Whilst in her third year at Trinity, Woods began her broadcasting career by working as a continuity announcer on RTÉ Radio. In 1999, she presented the Breakfast Show on Trinity FM. She joined RTÉ Television as a continuity announcer in 2000.

Moving from continuity announcing in September 2002, Woods became the face of iD (renamed iD Two in late 2004) and remained there until May 2005. In 2004 she began co-presenting three series of The Cafe with Aidan Power.
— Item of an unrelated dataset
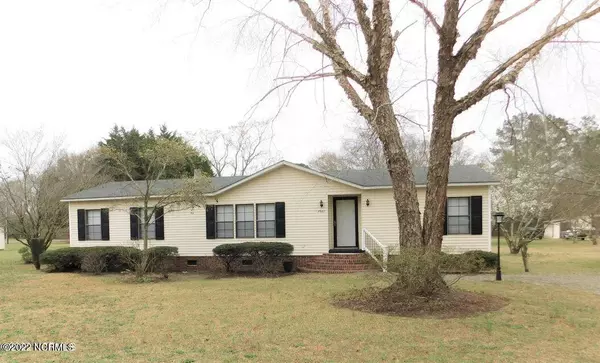 7561 Crestline Road, Laurinburg, NC 28352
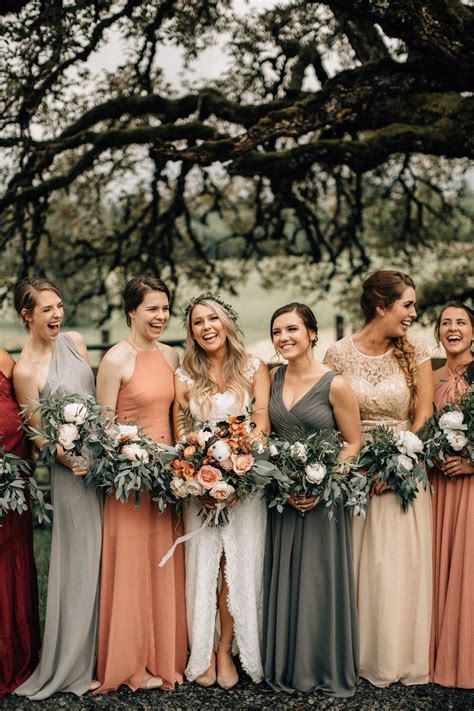 10 Best Winter Wedding Color Palettes For 2019 And 2020 Fall Bridesmaid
Woods anchored RTÉ's coverage of the Festival of World Cultures in 2005 and 2006, and joined Dave Fanning in Hyde Park to cover Live8 in July 2005. In September 2005, she began hosting SMS, but left the show to concentrate on presenting the Irish National Lottery game show Winning Streak from January–March 2006 while regular presenter Derek Mooney was presenting You're a Star.

Woods hosted another Irish National Lottery game show called Fame and Fortune in June 2006, and went on to present the show's successors, The Trump Card from June–August 2007, and The Big Money Game from June–August 2008. In 2007, she also began presenting an event guide on 2fm's The Will Leahy Show and made an appearance on the People in Need Telethon. She appeared as a participant on Anonymous in the first half of 2008.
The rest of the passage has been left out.